## [TASK MATERIAL]
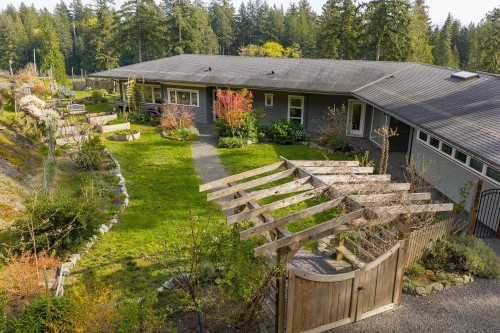889 Cowan Point Drive  Bowen Island, BC V0N 1G2
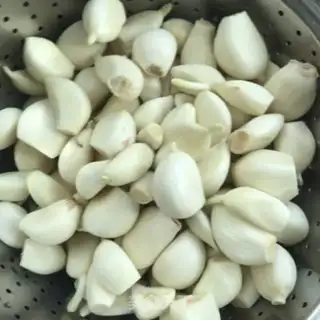 Make Garlic pepper sauce step 1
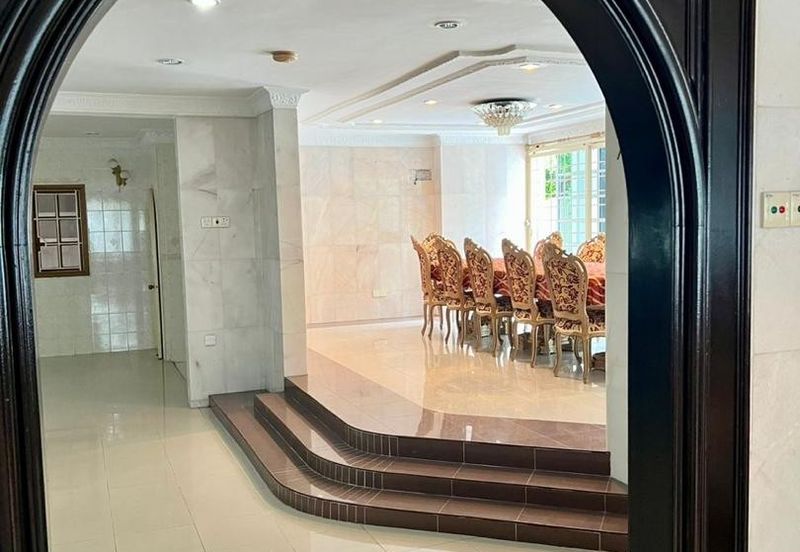 Beautiful European-English Designed Bungalow in PJ for Sale!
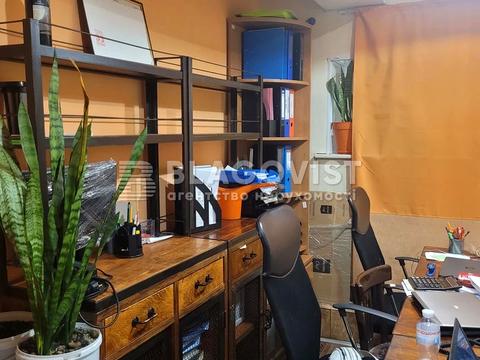 комерційна за адресою Київ, Андрія Мельника вул. (Генерала Тупікова), 3/1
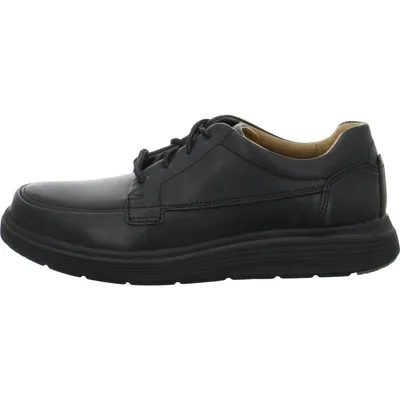 Productafbeelding van Clarks. Lage schoenen. Model: Abode Ease. Kleur: zwart. Voor heren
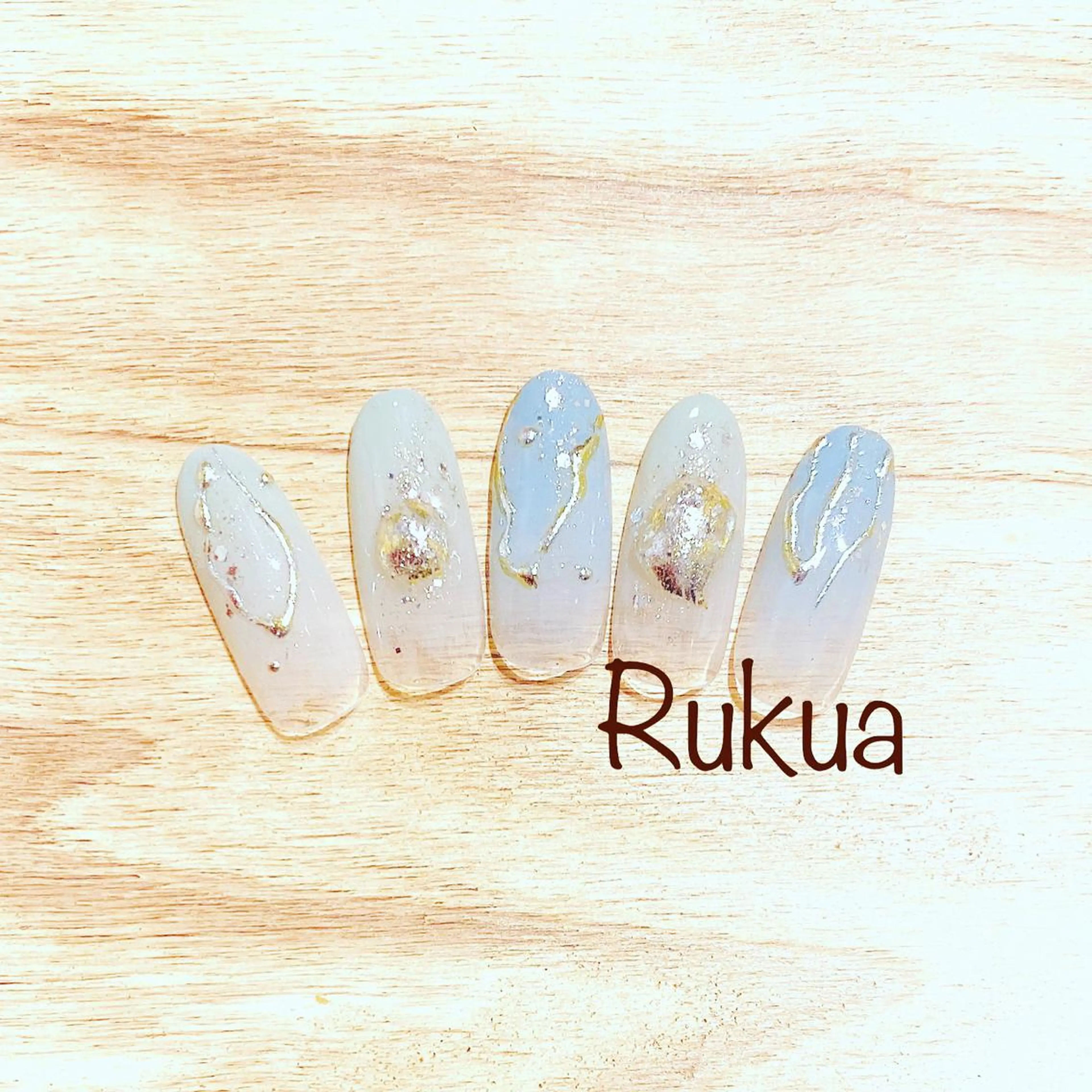 ネイル Rukua Nの眉毛・アイブロウイメージ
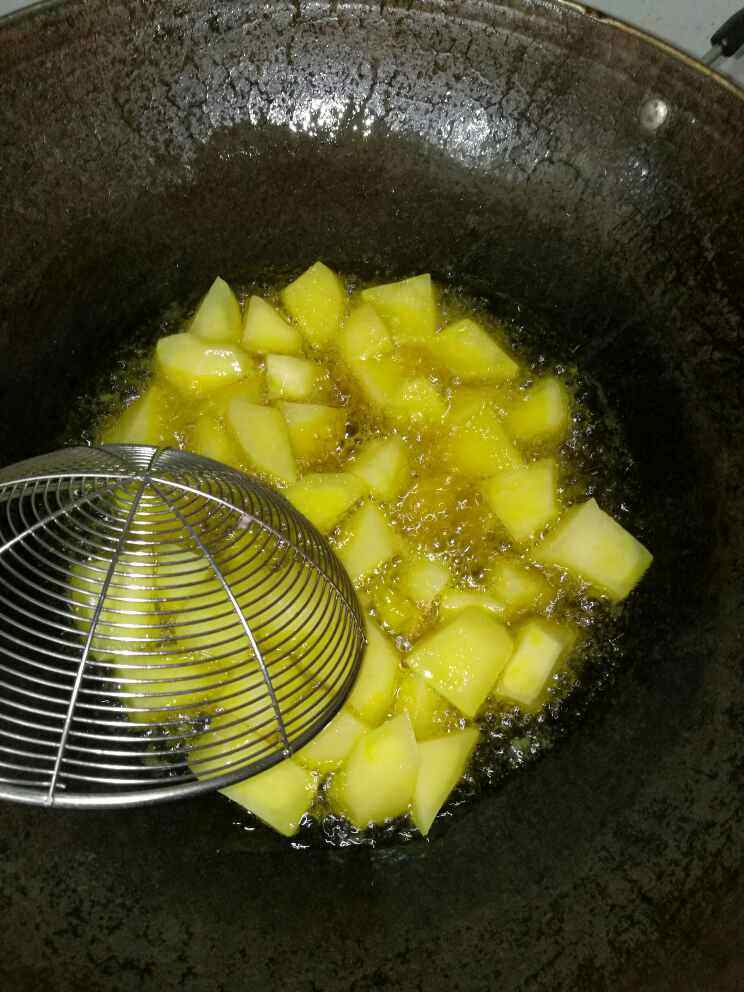 土豆红烧肉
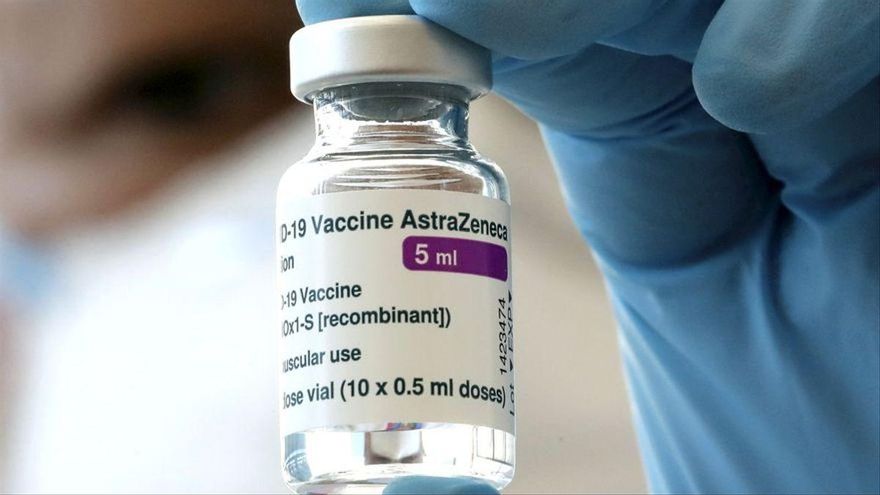El estudio CombivacS confirma que administrar la segunda dosis con Pfizer a los que recibieron la primera con AstraZeneca es seguro y eficaz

## [EXERCISE]
Write out the data again word for word, minus any images.

## [SOLUTION TO THE EXERCISE]
889 Cowan Point Drive  Bowen Island, BC V0N 1G2
 Make Garlic pepper sauce step 1
 Beautiful European-English Designed Bungalow in PJ for Sale!
 комерційна за адресою Київ, Андрія Мельника вул. (Генерала Тупікова), 3/1
 Productafbeelding van Clarks. Lage schoenen. Model: Abode Ease. Kleur: zwart. Voor heren
 ネイル Rukua Nの眉毛・アイブロウイメージ
 土豆红烧肉
El estudio CombivacS confirma que administrar la segunda dosis con Pfizer a los que recibieron la primera con AstraZeneca es seguro y eficaz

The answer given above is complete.